Netflix is the global leader in the subscription video on demand (SVOD) business, with 193 million paid streaming memberships as of the end of June. Three key factors have made it an exceptional investment:

  • Its position as the SVOD industry leader is virtually unassailable at this point because scale begets scale in this business. Its massive subscriber base gives Netflix the ability to spend $15 billion or more on content annually -- a figure that will almost certainly continue to grow. The SVOD competition can't offer as much content because they don't have enough subscribers to justify that much spending. That's why companies like Amazon, Apple, and Alphabet aren't matching Netflix on content spending despite having the resources to do so. Netflix's industry lead on content appears rock solid.
A woman rides a Peloton bike in her bedroom.

Image source: Peloton Interactive.

  • Netflix's global growth opportunity remains massive. While 193 million paid subscribers sounds like a big number -- and it is -- it's still only about 10% of the number of internet-connected households that should exist worldwide in a couple of decades.
  • Netflix licenses and produces fixed-cost content that it offers to an unlimited number of subscribers. This is a thing of beauty because the next subscriber adds nothing to its content costs -- those have already been paid for. That means the profit margin on incremental subscriptions is extremely high.

Peloton's parallels

One might not notice at first glance, but several key aspects of Peloton's business model are similar to that of Netflix.
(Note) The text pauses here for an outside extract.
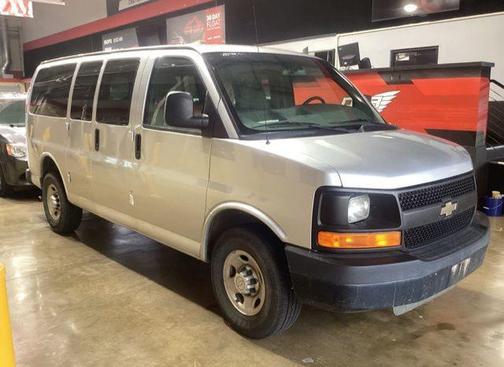 2015 Chevrolet Express 2500 LS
  • With about seven years in business, 1.1 million Connected Fitness subscribers, and 3.1 million total memberships including digital subscribers, Peloton also has a massive lead over its competition, having created the interactive home fitness category from scratch and operated without direct competition for about five years. Similar products and services started to hit the market about two years ago, but they haven't negatively impacted Peloton's growth. It also has a firm grip on mind share in the category, as evidenced by the Peloton All-Star ride with professional athletes that aired on ESPN in May.
  • Like Netflix, Peloton appears to have a massive global growth opportunity. While the addressable market for interactive home fitness equipment is unlikely to be as large as the market for SVOD, it looks substantial. And importantly, Peloton has probably capitalized on an even smaller fraction of its potential long-term subscriber opportunity than Netflix has, given that it's at an earlier stage of growth. 
  • Peloton's subscription business is similar to Netflix's subscription business. It, too, produces content for a fixed cost, which it then utilizes to generate revenue from an unlimited number of subscribers. The next Peloton subscriber is extremely profitable because the company does not have to spend anything incremental on content to serve them. That's why Peloton, like Netflix, should see substantial margin expansion over the long term.

How Peloton is different...and perhaps even better

There are several differences between the two companies as well. For example, customers who want to fully participate in the interactive Peloton experience have to buy one of its bikes or treadmills up front. That makes it more difficult for consumers to try Peloton. Netflix, of course, requires no such upfront investment by the customer.   

At the same time, that hardware investment provides Peloton with a healthy gross profit at the start of the subscriber relationship. It also drives down subscriber churn. After all, once a person pays $1,895 for a Peloton bike, they're less likely to balk at paying $39 per month for the subscription. As a result, Peloton's Connected Fitness monthly churn was only 0.52% last quarter, which implies an impressive average subscriber lifetime of 16 years.

Another difference is that many Netflix subscribers also subscribe to other SVOD services, including Amazon Prime Video, HBO Max, or Disney's Disney+ and Hulu. In contrast, most Peloton users are unlikely to subscribe to other interactive home fitness platforms. In that sense, its business -- while admittedly having a smaller and less certain addressable market than Netflix -- may lend itself to more of a winner-take-all or winner-take-most dynamic. 

Finally, Netflix will likely need to spend greater and greater sums on content to meet the varying needs of an array of demographic groups globally. Annual content spending could easily reach $20 billion or $30 billion in not too many years.

In contrast, fitness content is much more of a niche category and is less expensive to produce. It would be hard to imagine Peloton spending much more than a couple hundred million dollars a year on content, regardless of how many subscribers it eventually has. That should allow even more rapid margin expansion than Netflix.

Netflix investors should absolutely hang on to their shares, but they should also consider buying Peloton during this recession, considering the qualities it shares with that high-performing entertainment company, as well as its additional advantages.